Background: The nursing faculty shortage is a contributor to the nursing shortage. Intention to leave the full-time faculty role for non-retirement reasons, including poor effort-reward balance or burnout, may be a underacknowledged contributor to the faculty shortage (Leiberg et al., 2025; Malin et al., 2024). The Effort-Reward Imbalance model predicts both burnout and intention to leave as an outcome of poor balance between efforts required by work and rewards obtained through work (Siegrist & Li, 2020). The purpose of this study was to examine the relationships between efforts, rewards, burnout, and intention to leave among full-time nursing faculty using the Effort-Reward Imbalance model.

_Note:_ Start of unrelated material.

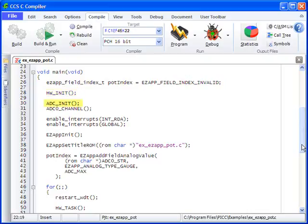The ADC initialization function initializes the ADC peripheral on the development board. As highlighted, this function sets the ADC channel to read from. In this case, we are looking at channel 0.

Methods: This cross-sectional survey took place in fall 2024. We included a national sample of full-time nursing faculty recruited via a targeted email campaign to United States nursing education institution administrators. Measures included demographic data, standardized measures of nursing faculty satisfaction with attributes of their faculty jobs, efforts, rewards, burnout, and intention to leave the nursing faculty role within the next 3 years. Structural equation modeling was used to evaluate the relationships between variables.

Results: The sample comprised of N=588 participants, of whom 40.3% reported intention to leave. The SEM had a significant fit with the data, X2=47.389, p< 0.01, CFI=0.993, TLI=0.991, SRMR=0.028. Efforts and rewards (latent variables) both had significant relationships with intention to leave (measured variable), that were mediated by burnout (measured variable). Rewards had the greatest direct and combined effects on intention to leave. Dissatisfaction with the service component of the faculty role had the greatest impact on the rewards latent variable.

Conclusion: Findings demonstrate that faculty satisfaction, workload, rewards, burnout, and intention to leave are intricately linked. Nursing education administrators should recognize these interdependencies when designing solutions to mitigate the faculty shortage. Excessive “institutional housekeeping” in the service component of the faculty role has been found by previous studies to overburden female university faculty and may disproportionately affect nursing faculty (who are majority-female) (Järvinen & Mik-Meyer, 2024; Schlaby et al., 2021). Further research is needed on the potential impact of gendered division of academic labor on nursing faculty dissatisfaction and intention to leave.

Notes

References:

Järvinen, M., & Mik-Meyer, N. (2024). Giving and receiving: Gendered service work in academia. Current Sociology, 73(3), 302-320. https://doi.org/10.1177/00113921231224754

Leiberg, J., Christianson, J., Malin, K., Grabert, L., & Zemlak, J. (2025). Addressing the Nursing Faculty Shortage: Associations Between Burnout and Work Rewards with Intention to Leave. Nursing Education Research Conference, Washington D.C., United States.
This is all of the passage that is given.